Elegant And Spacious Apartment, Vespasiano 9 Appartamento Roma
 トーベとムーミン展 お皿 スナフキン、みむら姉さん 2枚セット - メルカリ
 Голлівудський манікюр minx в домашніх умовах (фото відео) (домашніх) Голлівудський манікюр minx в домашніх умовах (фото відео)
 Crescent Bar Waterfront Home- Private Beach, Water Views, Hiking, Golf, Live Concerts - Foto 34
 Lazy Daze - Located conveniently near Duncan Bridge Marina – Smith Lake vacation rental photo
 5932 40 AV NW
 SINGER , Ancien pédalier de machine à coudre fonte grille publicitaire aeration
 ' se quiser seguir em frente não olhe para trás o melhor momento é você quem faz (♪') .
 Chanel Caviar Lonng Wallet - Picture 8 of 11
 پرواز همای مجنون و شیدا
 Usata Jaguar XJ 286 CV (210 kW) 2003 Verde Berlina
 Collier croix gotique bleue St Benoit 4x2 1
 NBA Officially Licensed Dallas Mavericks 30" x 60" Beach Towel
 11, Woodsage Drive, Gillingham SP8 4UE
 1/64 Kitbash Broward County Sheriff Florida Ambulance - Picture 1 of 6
******
# ASSIGNED TASK:
For this exercise, retype each entry from above exactly as it stands.

# SOLUTION:
Elegant And Spacious Apartment, Vespasiano 9 Appartamento Roma
 トーベとムーミン展 お皿 スナフキン、みむら姉さん 2枚セット - メルカリ
 Голлівудський манікюр minx в домашніх умовах (фото відео) (домашніх) Голлівудський манікюр minx в домашніх умовах (фото відео)
 Crescent Bar Waterfront Home- Private Beach, Water Views, Hiking, Golf, Live Concerts - Foto 34
 Lazy Daze - Located conveniently near Duncan Bridge Marina – Smith Lake vacation rental photo
 5932 40 AV NW
 SINGER , Ancien pédalier de machine à coudre fonte grille publicitaire aeration
 ' se quiser seguir em frente não olhe para trás o melhor momento é você quem faz (♪') .
 Chanel Caviar Lonng Wallet - Picture 8 of 11
 پرواز همای مجنون و شیدا
 Usata Jaguar XJ 286 CV (210 kW) 2003 Verde Berlina
 Collier croix gotique bleue St Benoit 4x2 1
 NBA Officially Licensed Dallas Mavericks 30" x 60" Beach Towel
 11, Woodsage Drive, Gillingham SP8 4UE
 1/64 Kitbash Broward County Sheriff Florida Ambulance - Picture 1 of 6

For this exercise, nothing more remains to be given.